Performance Snapshot
| Metric | Buy & Hold SPY | Fixed 50/50 | Risk-Managed |
|---|---|---|---|
| CAGR | 9.8% | 2.0% | 4.1% |
| Volatility | 19.5% | 3.9% | 9.1% |
| Sharpe | 0.35 | −0.26 | 0.12 |
| Max Drawdown | −55.2% | −10.9% | −15.4% |
| Worst 5-day Loss | −18.3% | −3.3% | −3.6% |
TL;DR
- Built two simple cross-asset trading sleeves on a 5-ETF universe (SPY, TLT, GLD, USO, UUP): a Trend sleeve (long when price > 100-day SMA) and a Mean-reversion sleeve (Bollinger-band rule buying dips below −2σ, selling rallies above +2σ).

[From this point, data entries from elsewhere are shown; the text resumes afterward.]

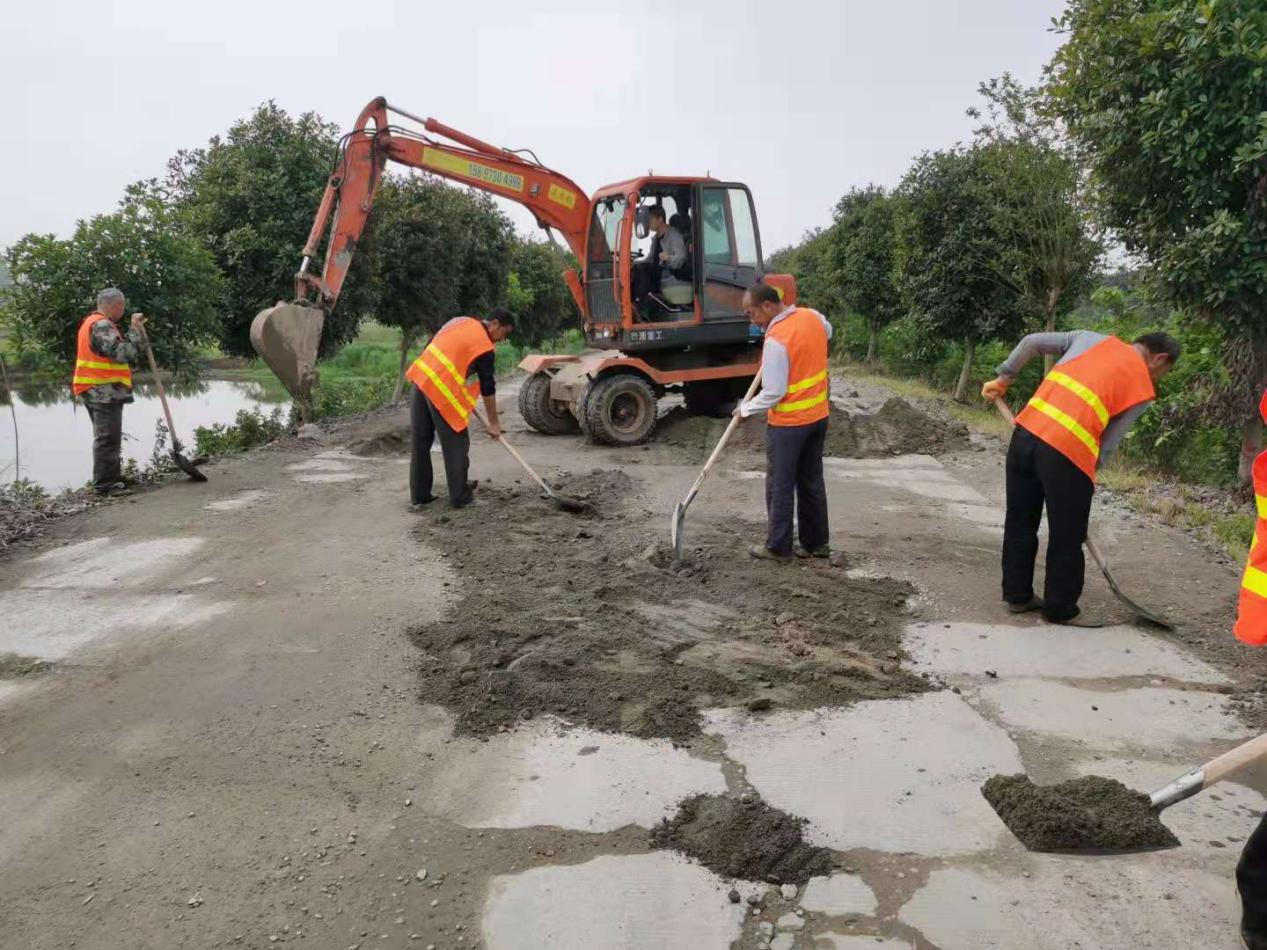 注滋口镇:热火朝天修路忙 路畅换得民心爽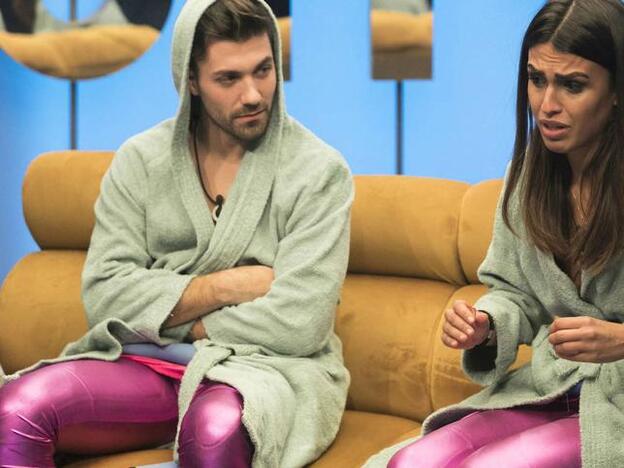 El 'edredoning' entre Sofía Suescun y Alejandro Albalá en 'GH Dúo'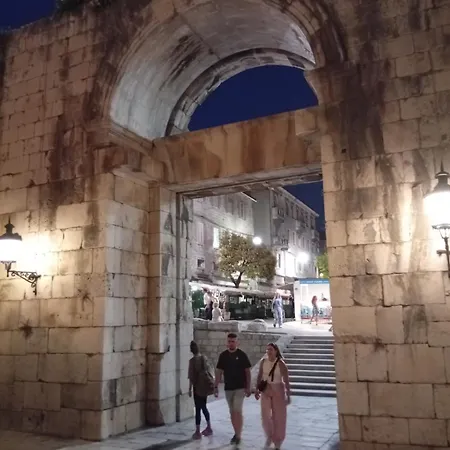 Готель Heritage Diocletians Palac 4*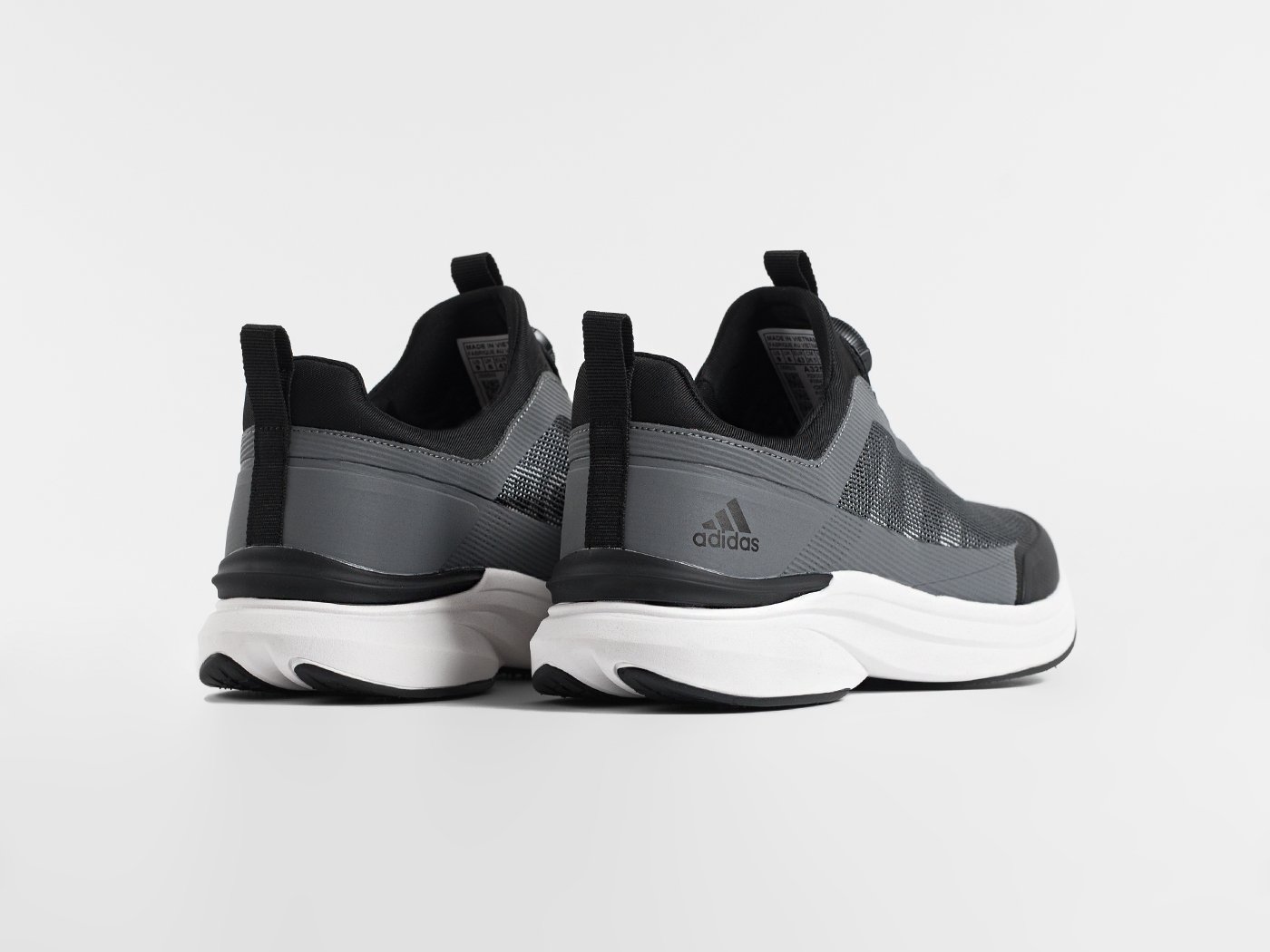 Кроссовки Adidas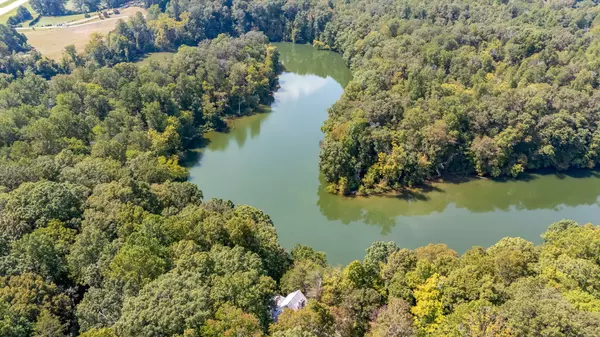 658 Moore Rd, Rock Island, TN 38581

- Constructed a risk-state engine on the equal-weighted market return using EWMA volatility to detect high-risk regimes, 20-day rolling autocorrelation to distinguish trend, mean-reversion and noise, and parametric 1-day 95% VaR and 5-day drawdown to cap tail risk.
- Allocated capital between Trend, Mean Reversion and Cash via a signal-to-noise playbook: High vol & positive autocorr → fund Trend; High vol & negative autocorr → fund Mean Reversion; High vol & low autocorr → cut risk to Cash; Low vol → 50/50 diversified mix.
- Applied volatility targeting, VaR scaling and a drawdown breaker on top: each sleeve targets 10% annualised vol, portfolio VaR capped at 2% of equity, and if 5-day drawdown breaches −3%, all risk is cut in half until the book stabilises.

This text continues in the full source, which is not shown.